──────── Given records ────────

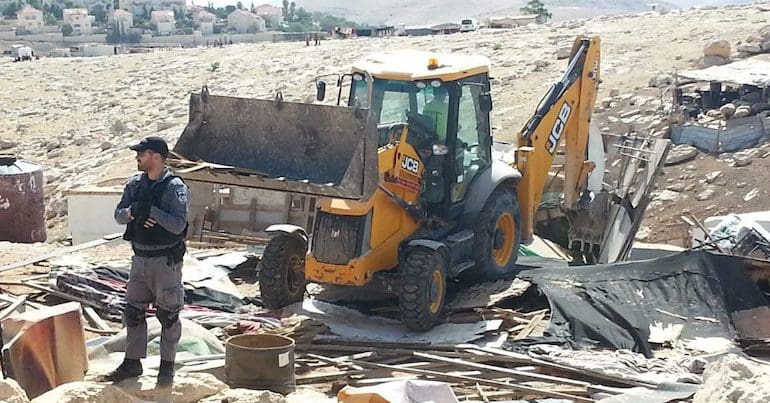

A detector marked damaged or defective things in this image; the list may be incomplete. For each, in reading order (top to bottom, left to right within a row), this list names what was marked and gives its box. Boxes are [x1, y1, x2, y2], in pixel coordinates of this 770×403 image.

rusty barrel [0, 155, 45, 243]
torn tarp [516, 252, 768, 356]
rusty barrel [224, 334, 296, 394]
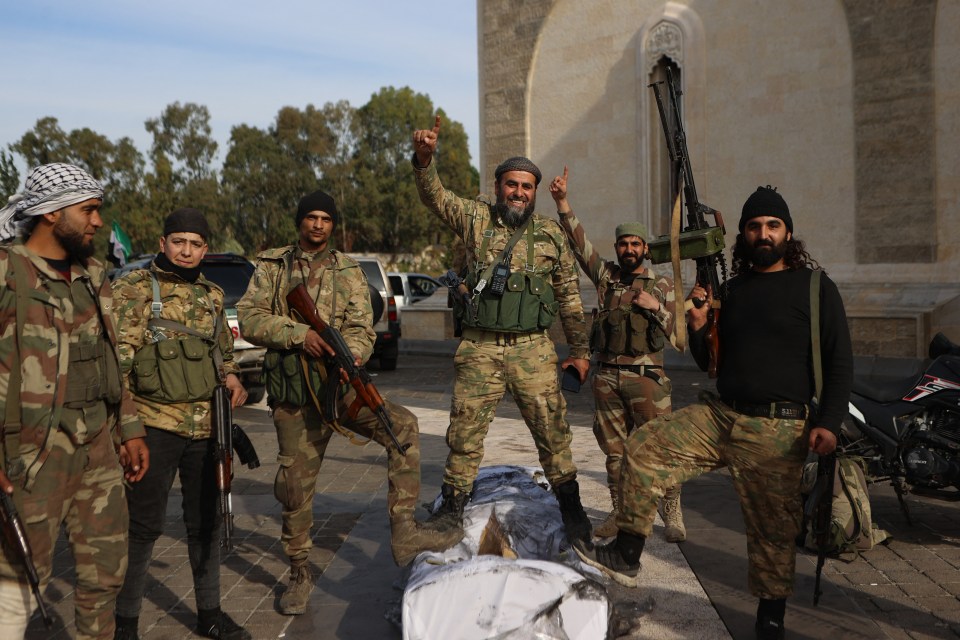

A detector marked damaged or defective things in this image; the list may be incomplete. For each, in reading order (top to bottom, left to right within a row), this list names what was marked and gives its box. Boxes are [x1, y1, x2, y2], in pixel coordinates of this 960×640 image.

white torn cloth on ground [404, 464, 612, 640]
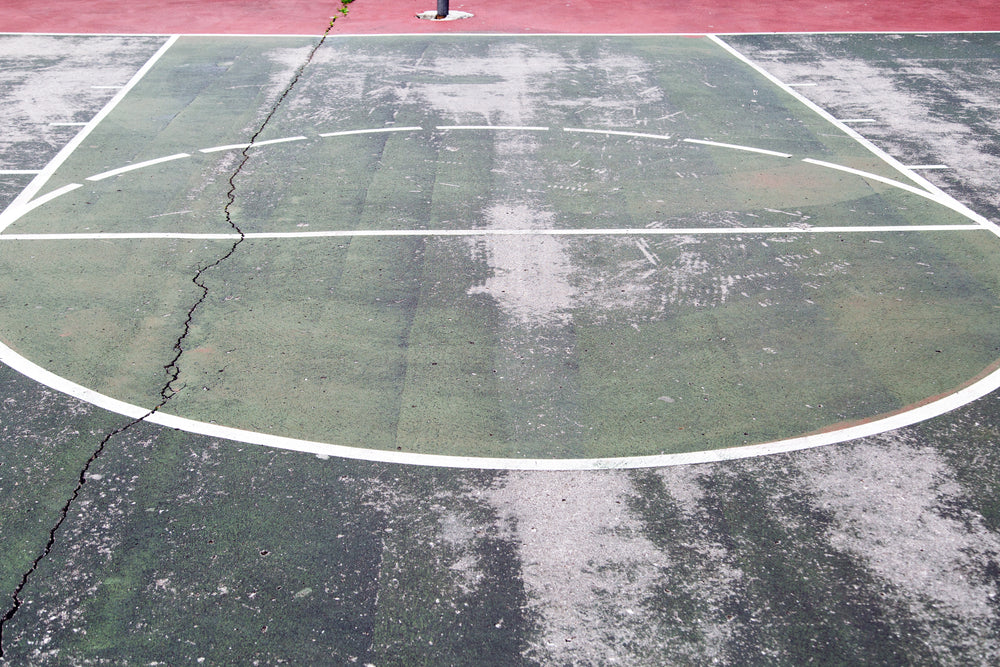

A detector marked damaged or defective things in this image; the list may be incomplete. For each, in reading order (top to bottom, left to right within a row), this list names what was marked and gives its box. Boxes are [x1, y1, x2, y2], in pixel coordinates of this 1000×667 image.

────────

Each line from the one containing "this 960×640 image." through the last line of the entries above should be duplicated exactly, both included; leave out pictures and add nothing.

## Response area
A detector marked damaged or defective things in this image; the list may be incomplete. For each, in reading order (top to bottom, left to right within a row), this list names what was marked and gives its box. Boxes are [x1, y1, x2, y2], in pixel coordinates of this 960×640 image.

white torn cloth on ground [404, 464, 612, 640]

A detector marked damaged or defective things in this image; the list may be incomplete. For each, in reading order (top to bottom, left to right within a row), this list names what was marked and gives its box. Boxes are [x1, y1, x2, y2], in pixel coordinates of this 1000×667 image.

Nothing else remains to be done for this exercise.